*** Opening of Supplied material ***
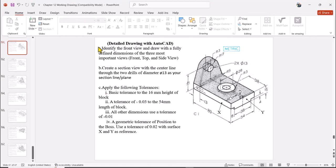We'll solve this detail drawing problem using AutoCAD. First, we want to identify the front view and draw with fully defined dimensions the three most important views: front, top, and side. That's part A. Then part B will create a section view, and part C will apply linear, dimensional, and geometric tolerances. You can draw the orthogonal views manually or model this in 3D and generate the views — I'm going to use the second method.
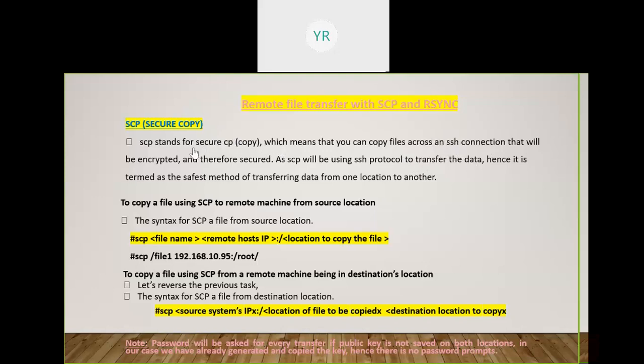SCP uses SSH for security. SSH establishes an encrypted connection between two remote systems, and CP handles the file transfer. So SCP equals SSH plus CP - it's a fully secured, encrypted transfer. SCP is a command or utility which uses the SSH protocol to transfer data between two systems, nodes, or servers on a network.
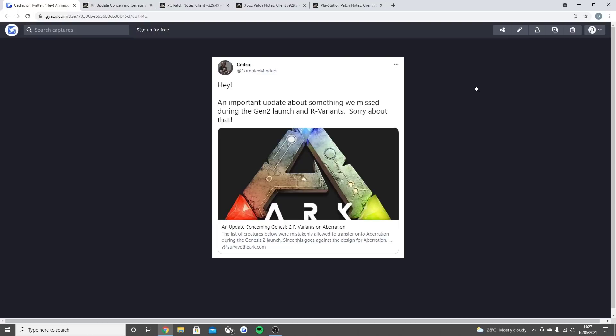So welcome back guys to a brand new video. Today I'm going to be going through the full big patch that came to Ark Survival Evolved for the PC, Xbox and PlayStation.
*** Close of Supplied material ***
:: Task requirements ::
Word for word, return the listing above; the pictures do not belong in the copy.

:: Response area ::
We'll solve this detail drawing problem using AutoCAD. First, we want to identify the front view and draw with fully defined dimensions the three most important views: front, top, and side. That's part A. Then part B will create a section view, and part C will apply linear, dimensional, and geometric tolerances. You can draw the orthogonal views manually or model this in 3D and generate the views — I'm going to use the second method.
SCP uses SSH for security. SSH establishes an encrypted connection between two remote systems, and CP handles the file transfer. So SCP equals SSH plus CP - it's a fully secured, encrypted transfer. SCP is a command or utility which uses the SSH protocol to transfer data between two systems, nodes, or servers on a network.
So welcome back guys to a brand new video. Today I'm going to be going through the full big patch that came to Ark Survival Evolved for the PC, Xbox and PlayStation.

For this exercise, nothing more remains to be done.